╔══

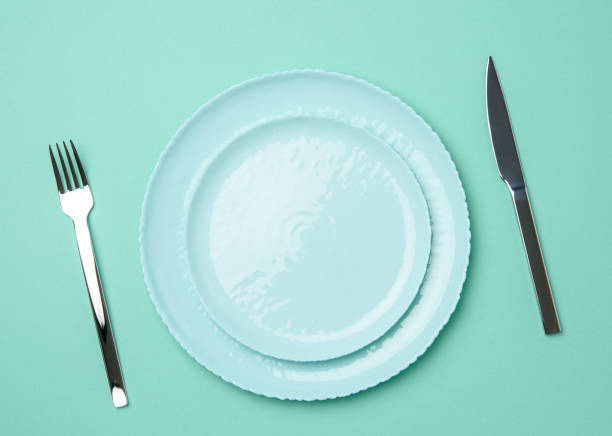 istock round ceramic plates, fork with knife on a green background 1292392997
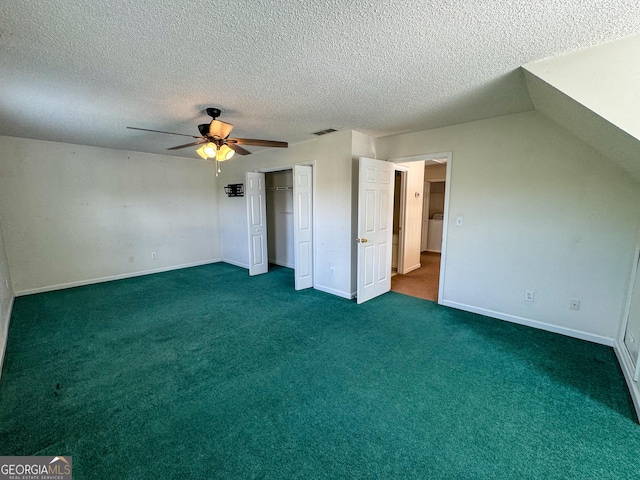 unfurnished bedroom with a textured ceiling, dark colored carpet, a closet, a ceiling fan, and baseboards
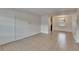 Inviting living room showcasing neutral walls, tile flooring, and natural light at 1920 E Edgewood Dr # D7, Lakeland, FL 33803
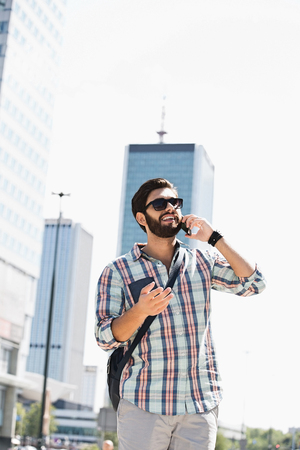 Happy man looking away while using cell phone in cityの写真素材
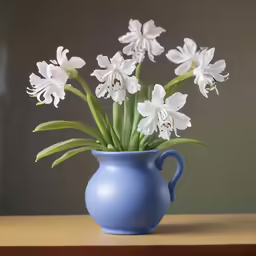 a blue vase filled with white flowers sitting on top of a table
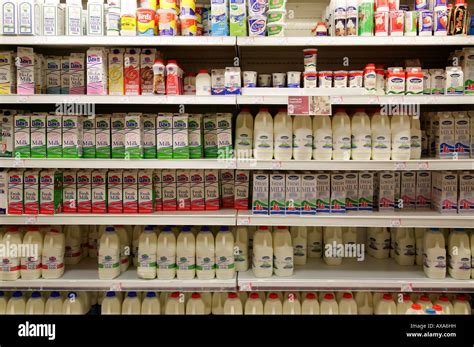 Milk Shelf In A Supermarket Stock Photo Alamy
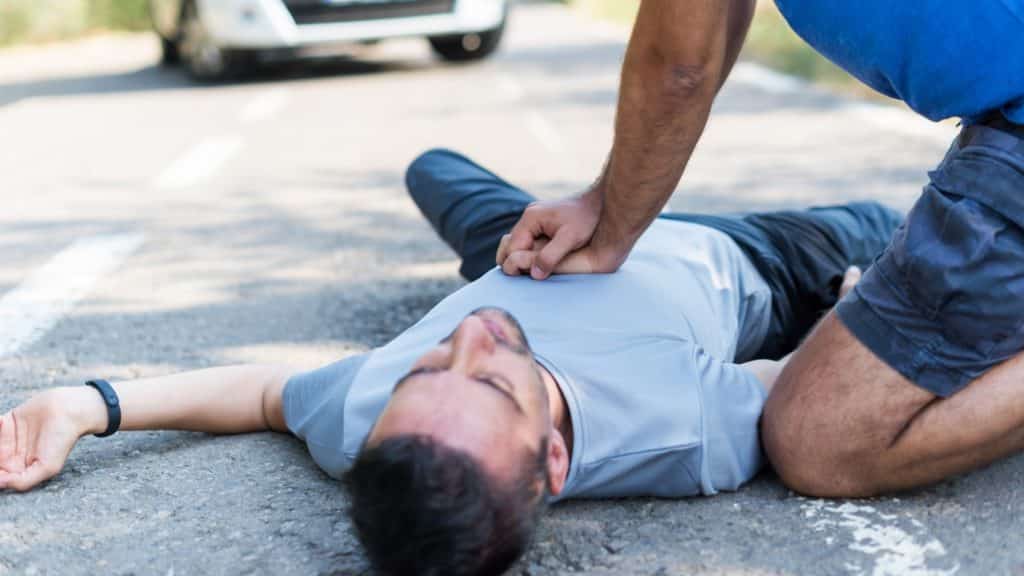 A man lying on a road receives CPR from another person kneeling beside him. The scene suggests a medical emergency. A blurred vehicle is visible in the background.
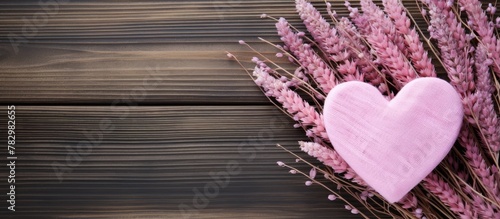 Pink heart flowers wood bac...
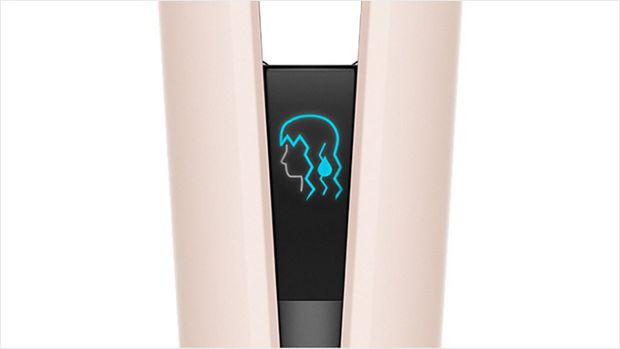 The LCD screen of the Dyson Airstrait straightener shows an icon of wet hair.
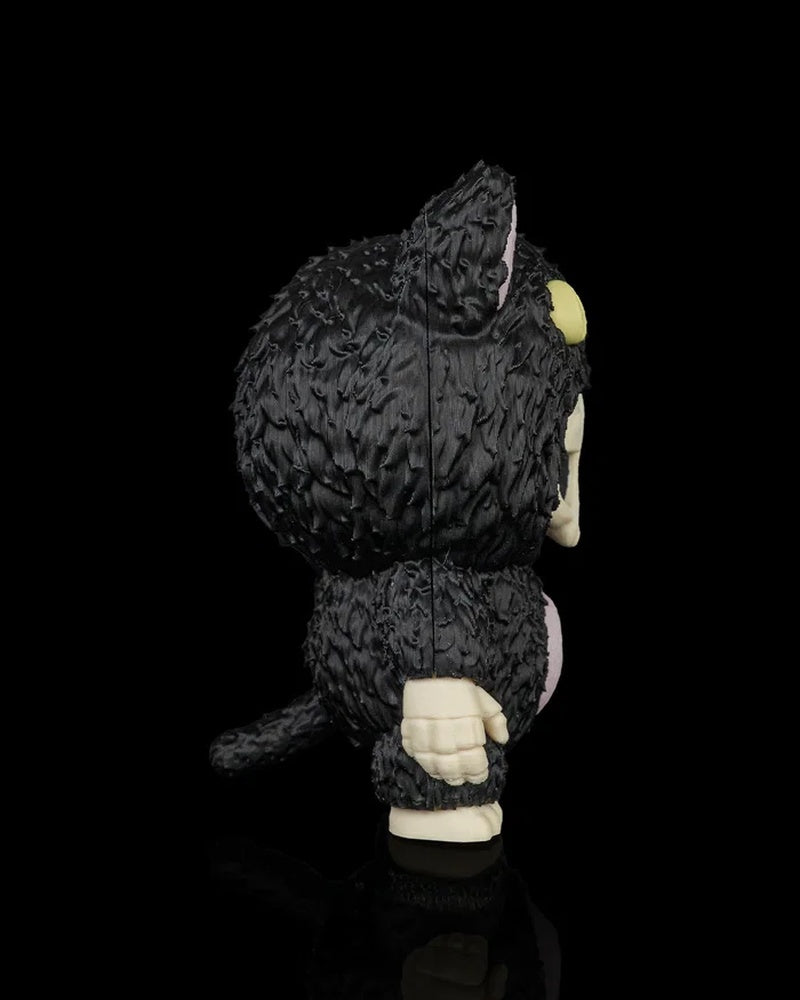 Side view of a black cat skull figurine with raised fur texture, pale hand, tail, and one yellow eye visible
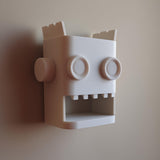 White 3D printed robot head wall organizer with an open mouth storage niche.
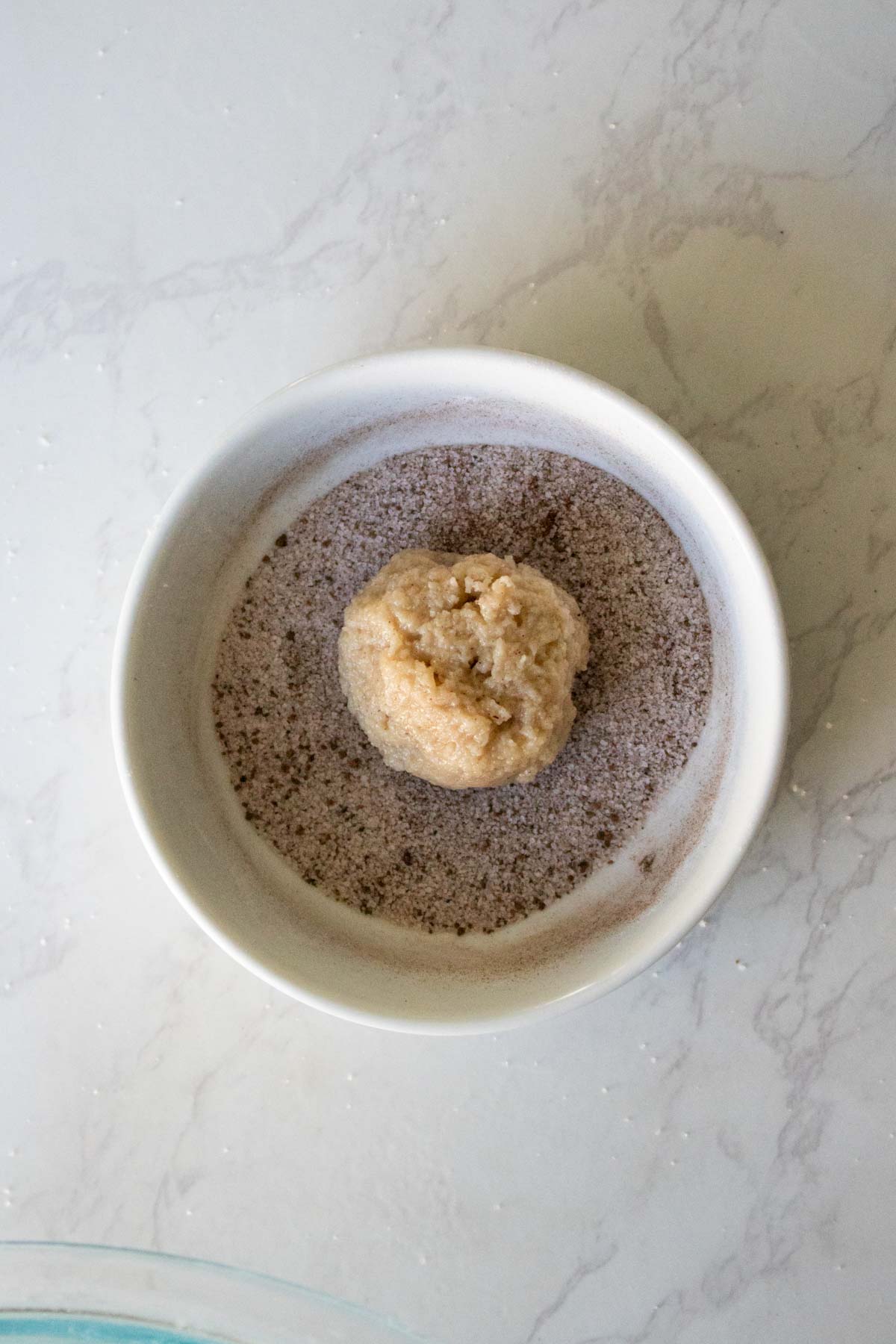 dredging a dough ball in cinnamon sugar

╚══

**WORK ORDER:**
Reproduce the whole listing word for word, setting aside any pictures.

**RESPONSE:**
 istock round ceramic plates, fork with knife on a green background 1292392997
 unfurnished bedroom with a textured ceiling, dark colored carpet, a closet, a ceiling fan, and baseboards
 Inviting living room showcasing neutral walls, tile flooring, and natural light at 1920 E Edgewood Dr # D7, Lakeland, FL 33803
 Happy man looking away while using cell phone in cityの写真素材
 a blue vase filled with white flowers sitting on top of a table
 Milk Shelf In A Supermarket Stock Photo Alamy
 A man lying on a road receives CPR from another person kneeling beside him. The scene suggests a medical emergency. A blurred vehicle is visible in the background.
 Pink heart flowers wood bac...
 The LCD screen of the Dyson Airstrait straightener shows an icon of wet hair.
 Side view of a black cat skull figurine with raised fur texture, pale hand, tail, and one yellow eye visible
 White 3D printed robot head wall organizer with an open mouth storage niche.
 dredging a dough ball in cinnamon sugar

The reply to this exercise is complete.